With the resources of a 1% land tax, it would be possible to eliminate three uneconomic taxes in return: rent taxation that penalizes reforms and discourages rent by individuals, notary fees (rights transmission for a fee) that tax mobility and therefore. economic dynamism and finally the real estate tax which is based in part on the property and which penalizes those who restore or extend their property. With a 2% tax and some progressivity, an additional 60 billion can be recovered to lower social security contributions and production taxes.
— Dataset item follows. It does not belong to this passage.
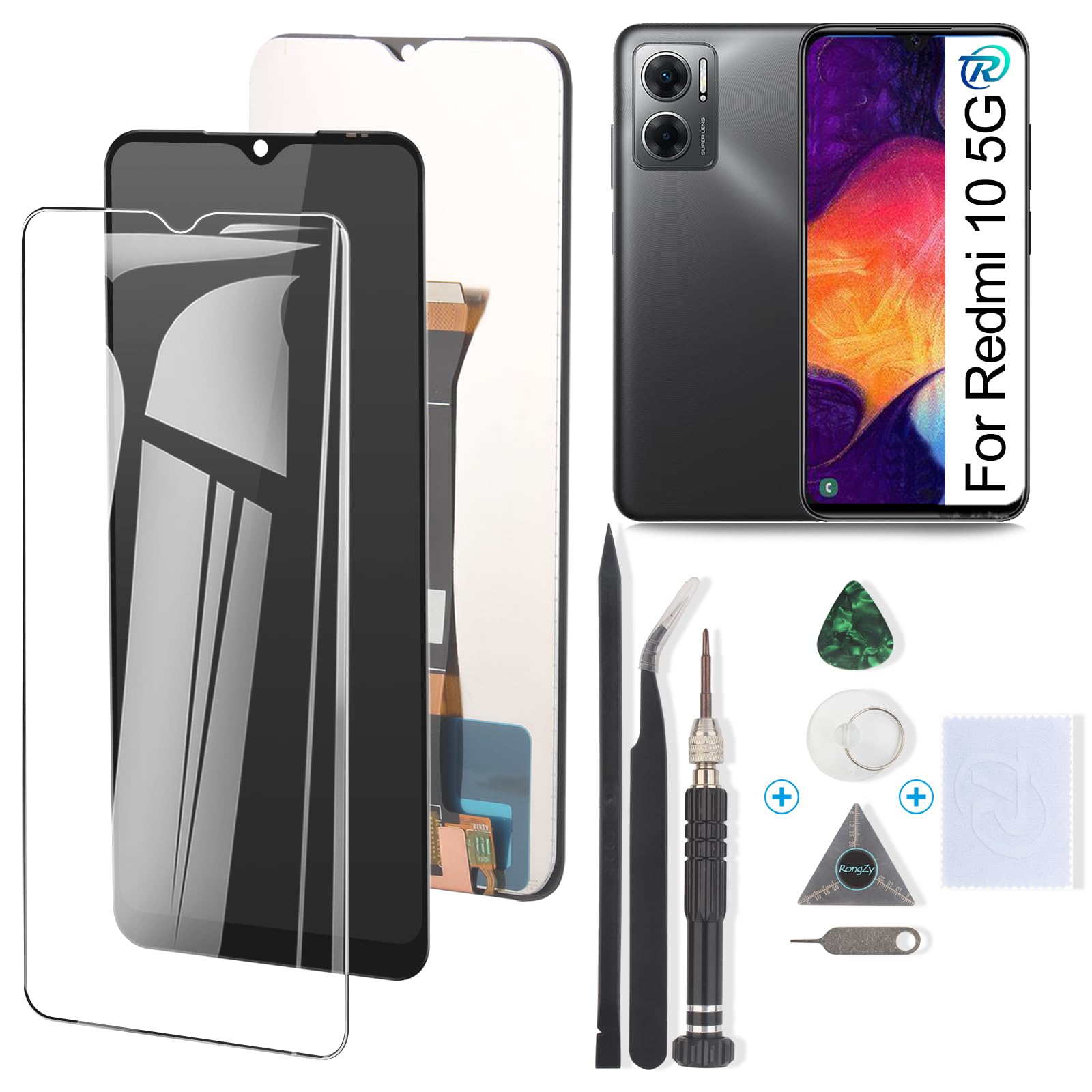 RongZy Display for Xiaomi Redmi 10 5G/Poco M4 5G/Poco M5 LCD Screen Replacement Digitizer Touchscreen Mounted Replacement with Tools (Black)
In both cases there is a give and take; a compensation : to help young people, thanks to the rent of the land that has benefited a lot from the economic situation, the tariffs and the urbanization but without the effort having much to do with it. It is a broad project to open, but it is essential: the deficits do not disappear because the taxation of the social pact is based on a base that is eroding and affecting our competitiveness. The French have preferred real estate and land and have seen their wealth grow very rapidly in this area, but now they need to prepare for the future and reorient their savings towards employment, mobility and innovation.

Foreign experiments have been done, they have a history rooted in political economy. The principles we defend here have been endorsed by the greatest economists, from Smith to Ricardo, from Walras to Modigliani, Solow and Stiglitz, from the most liberal to the Social Democrats, from northern Europe (Estonia) to the Southern Hemisphere. New South). Wales in Australia, South Africa, Colombia), from the East (Singapore) to the West (Pennsylvania), certainly in various forms and the lessons of which are not easy to generalize directly in France, but which show the universality and timelessness of the principles of being implemented.

Studies are needed to collect data, to measure the value of land and in particular of built-up land: it is not overly complicated, much less the valuation of real estate because it is more heterogeneous than land that is more homogeneous and progressive. potential value of the territory. Data is multiplying with the rise of big data, which gives hope for increasingly accurate values. Then it will be necessary to create the fiscal instrument with a low rate and, in return, to suppress the rest of the taxes on real estate, in order to assure the citizens the equity of this reform; and finally to move forward gradually but surely with this fiscal balance of the productive factors towards the land. The construction site for a period of five years, no doubt, only to start operations.

Alain Trannoy and Etienne Wasmer have recently published The great return of land to heritage, and why it is good newsOdile Jacob, 2022.

[1] According to the study by André M. and Meslin O. (“And for a few more apartments: study of the ownership of domestic property and the redistributive profile of the property tax”, INSEE), on 3, 5% of households own 50% of rental property owned by individuals.